# How to "find yourself"??



## Twinkiesex (Apr 12, 2013)

So, I've come to the recent jarring (ok not really) realization that I am completely, undoubtedly full of ****. I look around at other chicks my age and I see everything that I despise, needy, compliment fishing, completely vapid, stupid, shallow, women. Then I realized...That's exactly what I am. I've become everything I hate. You know those girls who constantly complain about their looks to ANYONE who'll listen?? That's me. I went from wanting to stab those girls in the face to actually being one, and that's terrifying. I'd like to apologize to anyone here who's had to deal with my bull****, there are quite a few, (and you know who you are because you've all completely stopped talking to me, so thanks.) Anyways, I realized that I'm this way because I have absolutely no ****ing idea who I am or what I'm worth. I've heard some people talk about "finding yourself", and that sounds like something I desperately need to do...but I have no idea what that means or even where to begin. I deleted my facebook today because all it did was add unnecessary baggage to my life, so I guess there's step 1.

Now what??? Can someone explain how to go about this? Cuz I'm completely lost. (Obviously)


----------



## Consider (May 1, 2013)

Much respect for deactivating that joint. Best thing I ever did back in the day. If you want to change/find your whole self, personality, morals, standards, etc., it will need to be done in baby steps. Confronting this most herculean task will be quite the obtuse hurdle to leap, so it may be best to take it in pieces. Relevant question: do you smoke pot?


----------



## Twinkiesex (Apr 12, 2013)

Consider said:


> Much respect for deactivating that joint. Best thing I ever did back in the day. If you want to change/find your whole self, personality, morals, standards, etc., it will need to be done in baby steps. Confronting this most herculean task will be quite the obtuse hurdle to leap, so it may be best to take it in pieces. Relevant question: do you smoke pot?


Yeah I do, maybe I need to quit numbing myself so much?


----------



## Consider (May 1, 2013)

I was thinking something just this side of contrary; don't utilize it as a tool for deactivating emotion, but as a device to inwardly stretch past your own thought processes and challenge them from a different point of view. But first, conspire some ideas upon which you'd like to brush on. Like a sort of game plan. What in fact makes you think you've suddenly become the thing you most loathe?


----------



## Twinkiesex (Apr 12, 2013)

Everything I do annoys me, and I don't understand why I'm that way...It's like I've completely lost touch with myself.


----------



## SpyNumber403 (Apr 21, 2013)

I think this is common for your age (I'm guessing you're 18-26).... It's the big identity crisis everybody has when they sort of grow out of their "I have got this world pegged" phase. Anyway, I don't know if there is a way. If you ask Buddha, there is no self to find anyway.

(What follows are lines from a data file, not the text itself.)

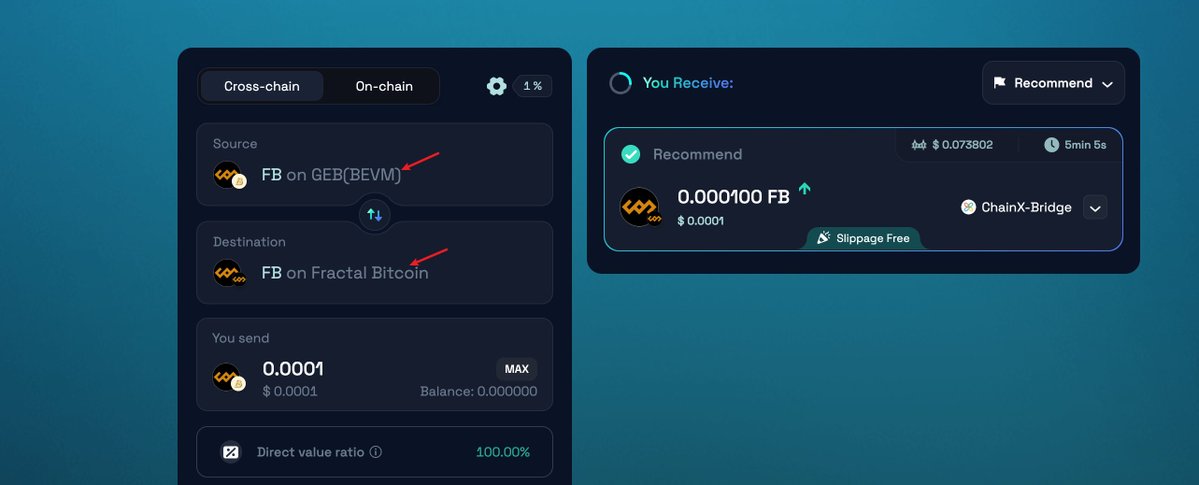 OmniBTC (@omnibtc) on Twitter photo 🚨Important Notification🚨
From today, we won't support the <a href="/fractal_bitcoin/">Fractal Bitcoin</a> network anymore.
Please withdraw your $FB token from <a href="/BitAgere/">GEB</a> network to <a href="/fractal_bitcoin/">Fractal Bitcoin</a> network ASAP.
👉app.omnibtc.finance/swap?fromChain… 🚨Important Notification🚨
From today, we won't support the <a href="/fractal_bitcoin/">Fractal Bitcoin</a> network anymore.
Please withdraw your $FB token from <a href="/BitAgere/">GEB</a> network to <a href="/fractal_bitcoin/">Fractal Bitcoin</a> network ASAP.
👉app.omnibtc.finance/swap?fromChain…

We're all just changing in whatever way we are in response to what happens around us.


----------



## pineapplebun (Oct 25, 2011)

Hmmm I only recently underwent something similar to you, though it was a combination of other things as well, such as being easily impressionable and a people pleaser back in the days, so I easily lost my identity through others. A part of my journey to finding myself actually started with a terrible relationship but I don't advise that xD. I'm still going through that journey myself, so I don't think I can provide any constructive feedback. I just allow myself to be rather open-minded to the many different people I encounter, and through getting to know their interests, I feel this innate passion spark and so now I have a shyt ton to research and read about. I mean the best way to discover your passions, likes or dislikes really is to explore and develop an opinion for yourself. However, if you are judgmental and not open to getting to know people, you limit your exposure to things that you might have never discovered yourself.

This identity crisis seems to be a pretty common phenomena, there's even a term coined for it called the "quarter-life crisis." I'm certaintly in the midst of it but I think I have found at least a little part of me in this journey of "finding yourself."


----------



## graymatter (Mar 31, 2011)

Try starting here.





Relax, take deep breaths. Accept your thoughts and feelings and be aware of your mind but not fixated on them.


----------



## Twinkiesex (Apr 12, 2013)

pineapplebun said:


> Hmmm I only recently underwent something similar to you, though it was a combination of other things as well, such as being easily impressionable and a people pleaser back in the days, so I easily lost my identity through others. A part of my journey to finding myself actually started with a terrible relationship but I don't advise that xD. I'm still going through that journey myself, so I don't think I can provide any constructive feedback. I just allow myself to be rather open-minded to the many different people I encounter, and through getting to know their interests, I feel this innate passion spark and so now I have a shyt ton to research and read about. I mean the best way to discover your passions, likes or dislikes really is to explore and develop an opinion for yourself. However, if you are judgmental and not open to getting to know people, you limit your exposure to things that you might have never discovered yourself.
> 
> This identity crisis seems to be a pretty common phenomena, there's even a term coined for it called the "quarter-life crisis." I'm certaintly in the midst of it but I think I have found at least a little part of me in this journey of "finding yourself."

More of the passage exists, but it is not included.